E finalmente, dopo tanta attesa, ecco il fantasma. Non è vero che è senza testa, ne ha molte invece: teste di bambini di tanti anni fa nelle fotografie appoggiate ovunque, piccoli visi incorniciati d’argento che non sono più, teste nei quadri di avi, trisnonni, antenati come Gabriele Tadino, nobile militare al servizio dei dogi, oppure il pensieroso Gerolamo Oldofredi, gentiluomo di corte della regina Margherita. Spettri del tempo perduto, ritratti di donne giovani e tristi, bimbe per sempre. Spiriti di chi nacque, visse e passò come un colpo di vento in questa notte di luglio, e abitò le trentasei stanze della villa, i salottini, i disimpegni, le cucine, aspettando l’acqua corrente che sarebbe arrivata solo nel 1967, mentre l’elettricità c’era dal 1937. Gente che visse, amò e morì come se niente fosse tra un’occupazione spagnola e un saccheggio francese, un passaggio di tedeschi e un’irruzione di partigiani, un balzo di scoiattolo e una pioggia di glicini. È arrivato finalmente il fantasma e si chiama tempo.
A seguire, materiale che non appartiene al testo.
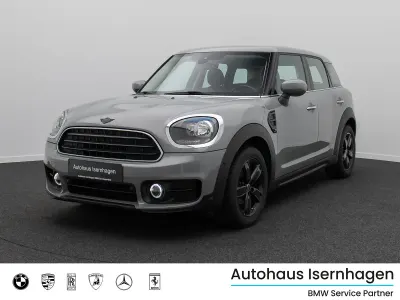 Occasion Mini One D Countryman 116 ch (85 kW) 2020 Gris SUV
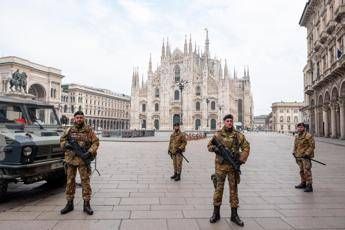 'Strade Sicure', Rizzo (pres. Commissione Difesa): Nuovi strumenti operativi, uso droni 'Strade Sicure', Rizzo (pres. Commissione Difesa): Nuovi strumenti operativi, uso droni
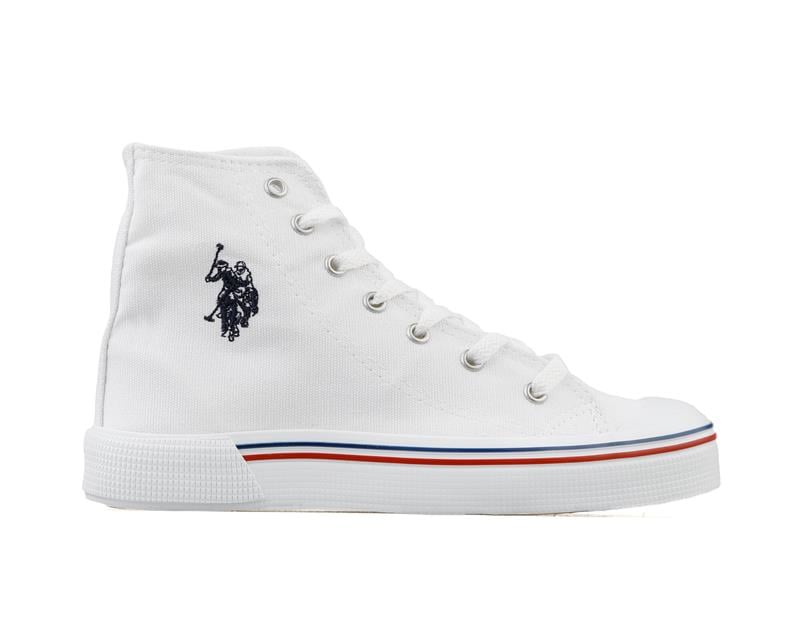 US POLO ERKEK 2M PENELOPE 2FX HAVUZ TABAN SNEAKER AS0076204922YAS0076204-CDR100U.S.POLO ASSN.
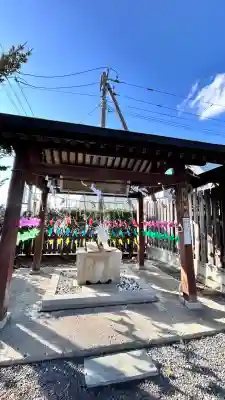 七重浜海津見神社(北海道)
Anche con la luce spenta, nella stanza il chiarore non cede. E le ombre dei rami non smettono di giocare. Bello sarebbe non sentirsi soli, e sapere che davvero qualcosa esiste oltre la pesantezza dei nostri corpi, oltre le illusioni e i sogni.
Ecco l’ultimo rumore, però vivo e vero: dietro la porta chiede di essere ascoltato. La socchiudiamo. Vicino a due elefanti d’argento, sul davanzale c’è un gatto, rosso, morbido e panciuto, gli occhi che brillano nel buio come diamanti.
Perdoni, signor conte, ma si è fatto tardi. È veramente ora di dormire.